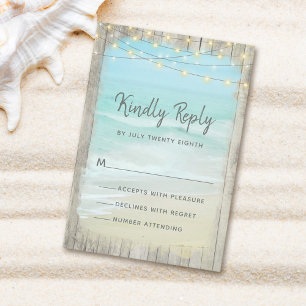 Cartons Réponse Rustic Beach String éclaire le mariage en bois RSV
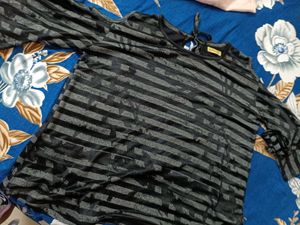 Striped Cold Shoulder Top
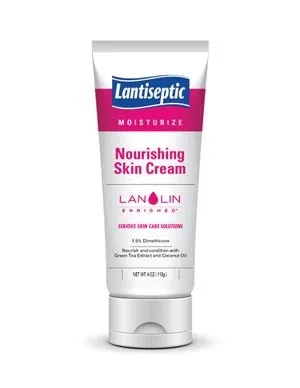DermaRite Industries - Lantiseptic Nourishing Skin Cream - 0813 - Hand and Body Moisturizer Lantiseptic Nourishing Skin Cream 4 oz. Tube Unscented Cream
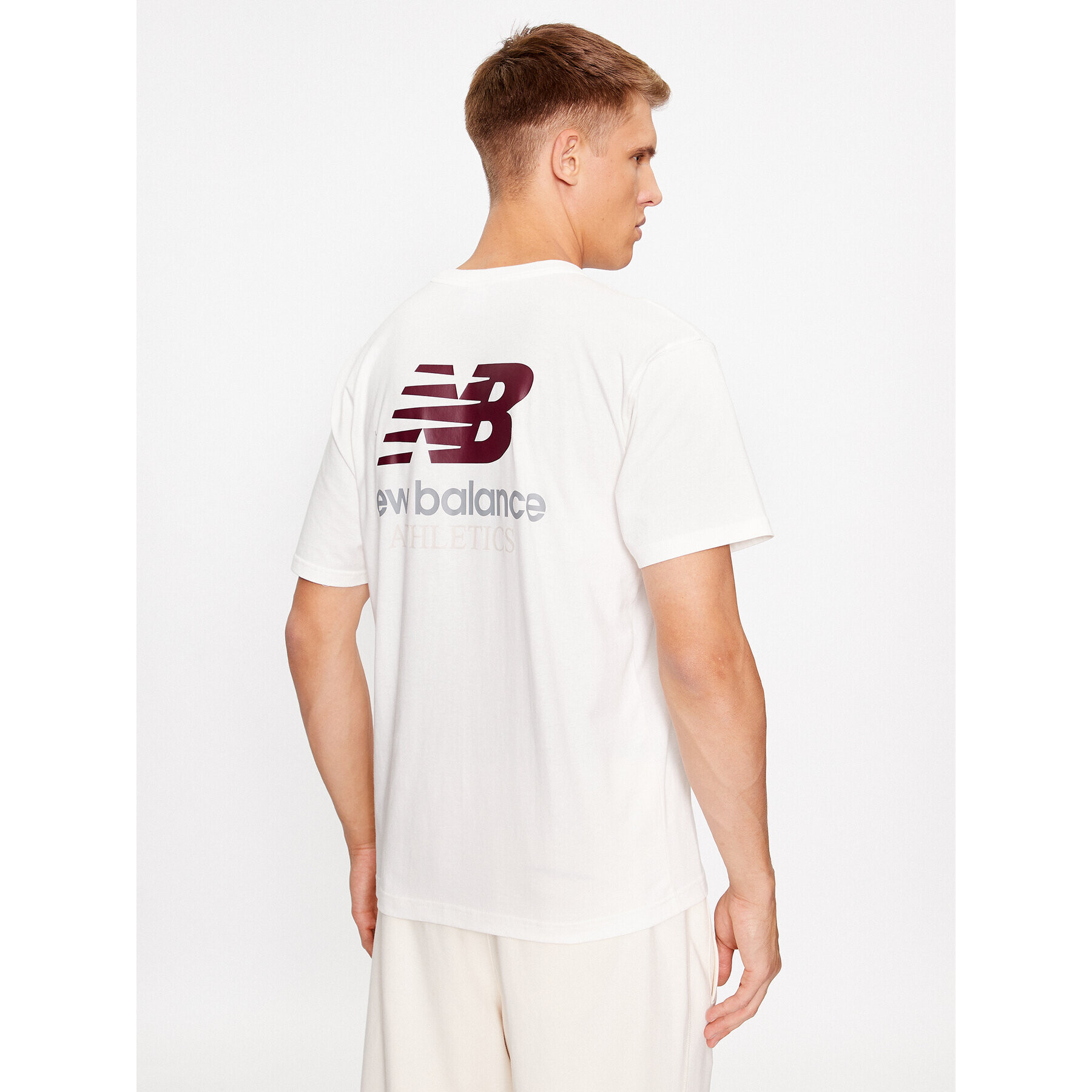 New Balance Тишърт Athletics Remastered Graphic Cotton Jersey Short Sleeve T-shirt MT31504 Бял Regular Fit - Pepit.bg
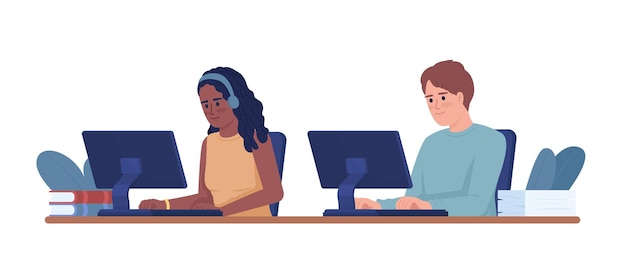 Young employees working side by side semi flat color vector characters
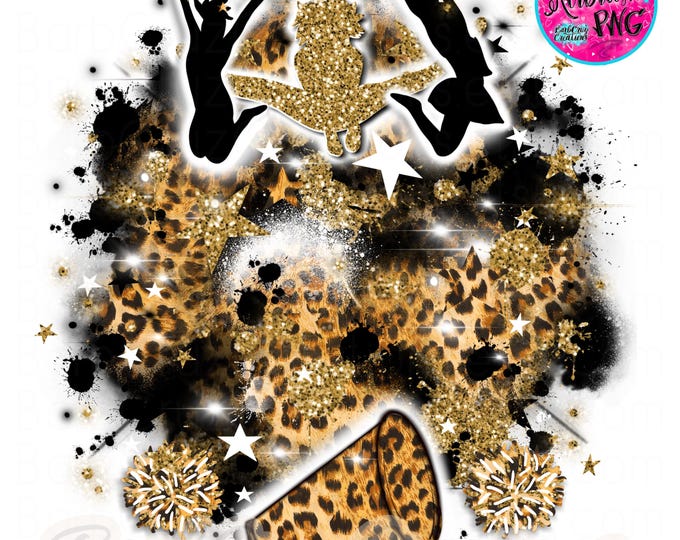 Leopard Print, Cheer, mom, Cheerleader, Star Bursts, Shirt, Sports, Graffiti png, Team, Airbrush png, Sublimation Designs, gold, clipart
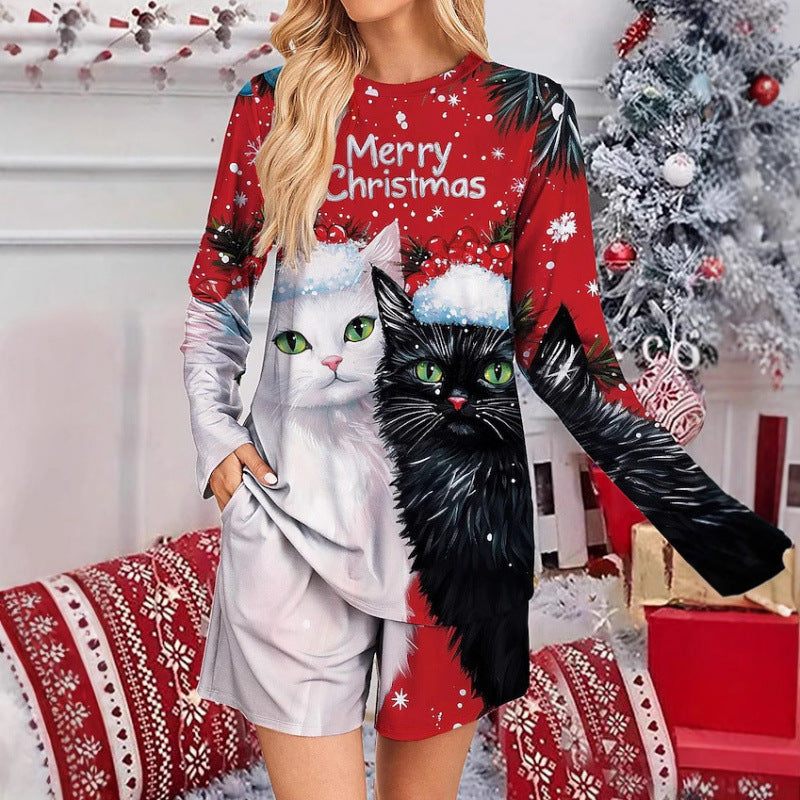 Damen Lustige Katze Weihnachts Satz | Zweiteiler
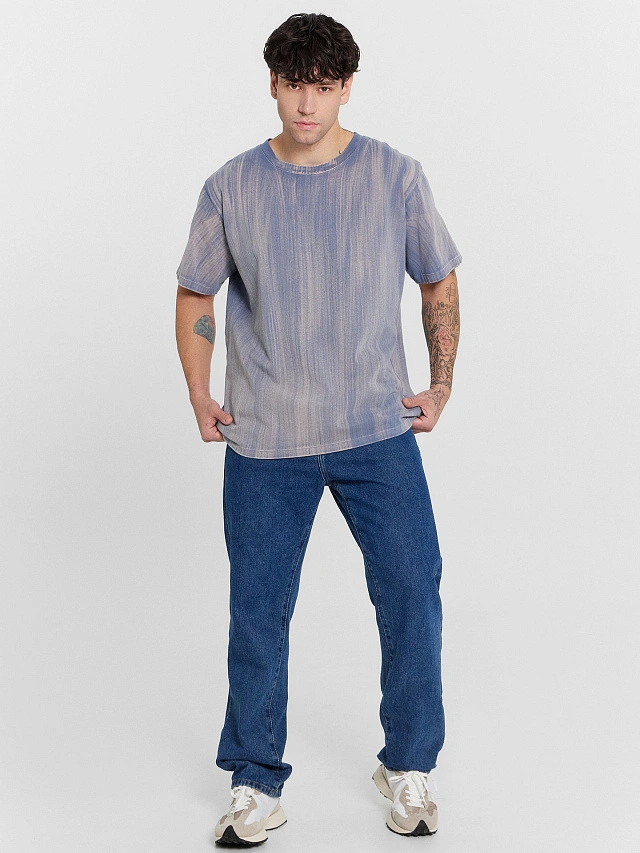 Футболка мужская оверсайз синяя с эффектом "варка" - 3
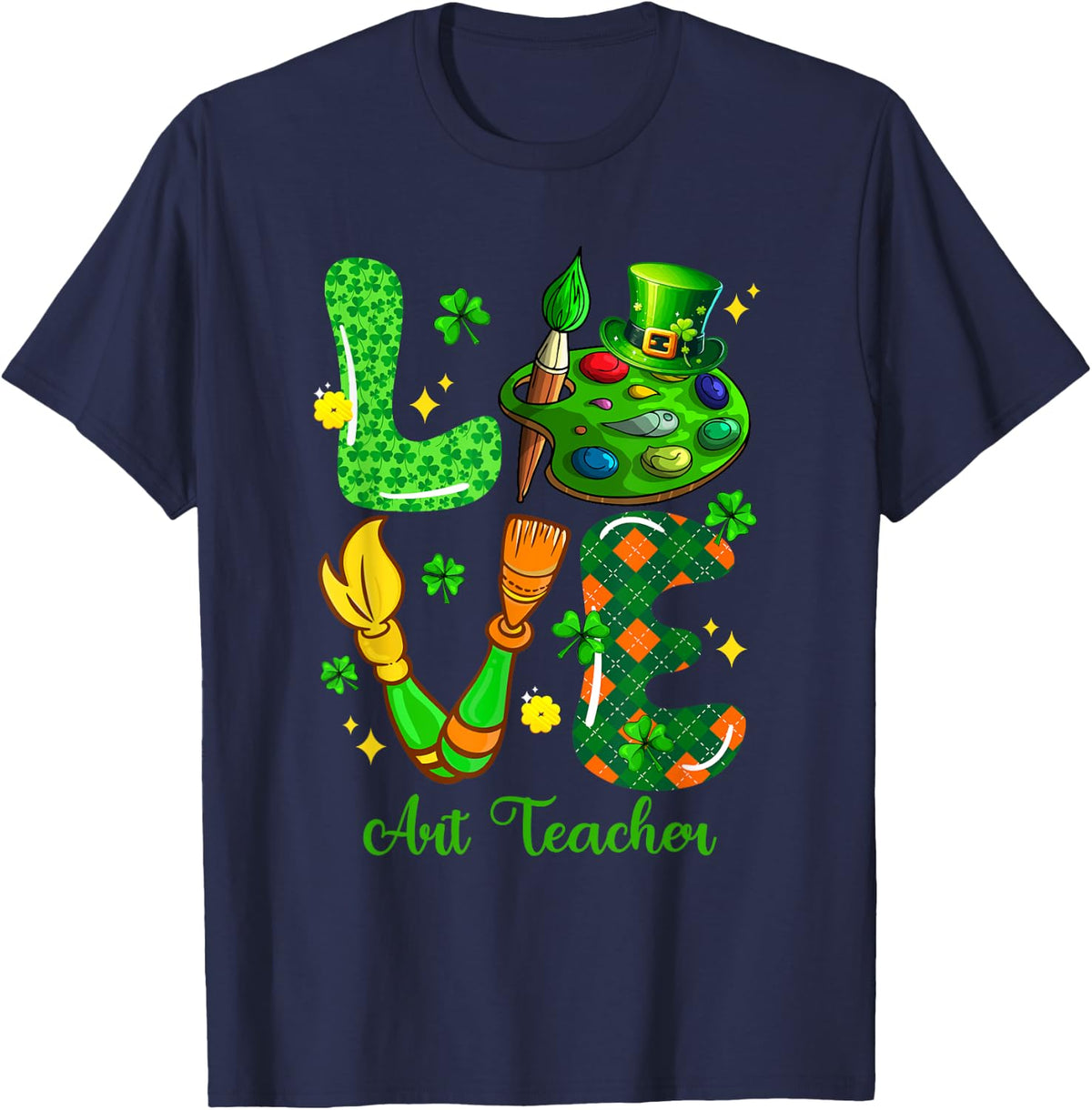 LOVE Art Teacher St. Patrick's Day Teaching Tools Shamrocks Men Women Kids T-Shirt - Navy Blue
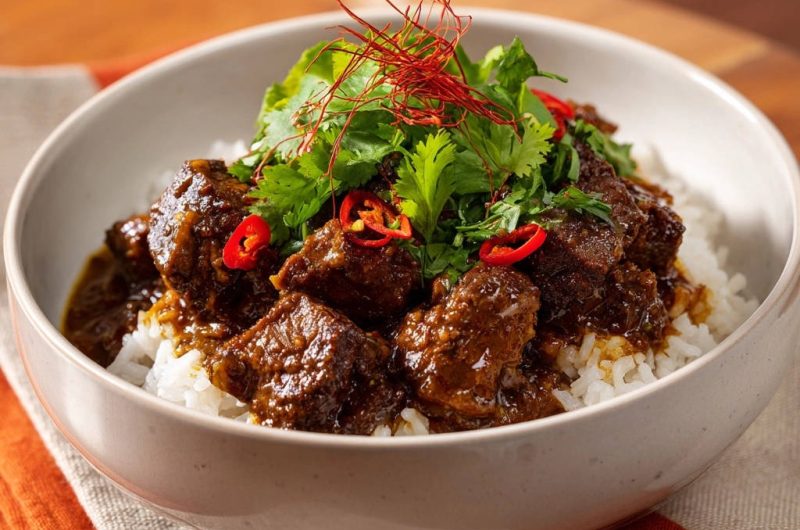 Aromatisches Rindercurry mit Reis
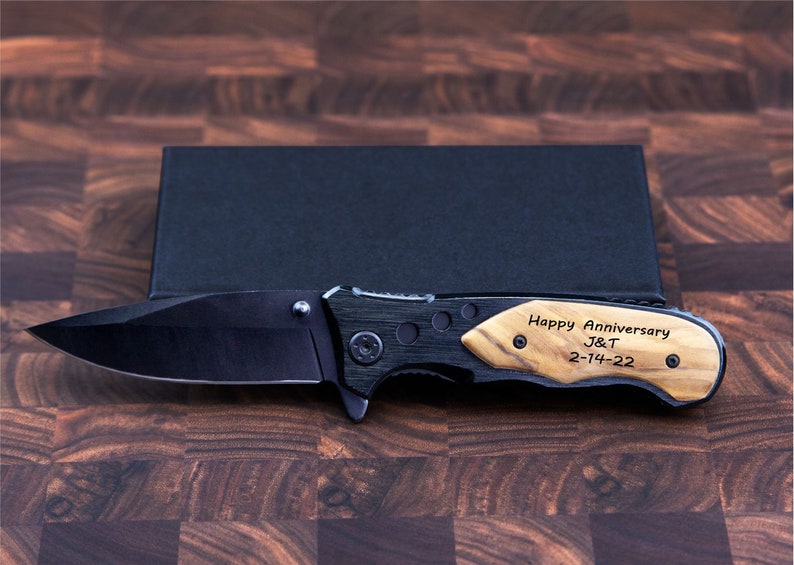 Engraved Pocket Knife, Groomsmen Gifts, Black Custom Knife boyfriend gift for him, Gift for dad, Fathers Day gift image 5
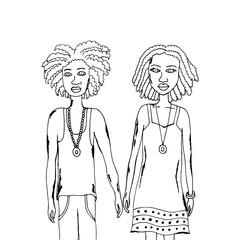 blacks in love. Vector illustration. Isolated. Coloring pages for adults and children. Cartoon. Hand-drawn doodle style. Can be used in your projects in banners and posters.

○ ○ ○

Starting with the line that has "Engraved Pocket Knife, Groomsmen" and ending with the last line of the records, retype every line exactly and only those lines. Do not include the pictures.

◆ EXERCISE RESULT:
 Engraved Pocket Knife, Groomsmen Gifts, Black Custom Knife boyfriend gift for him, Gift for dad, Fathers Day gift image 5
 blacks in love. Vector illustration. Isolated. Coloring pages for adults and children. Cartoon. Hand-drawn doodle style. Can be used in your projects in banners and posters.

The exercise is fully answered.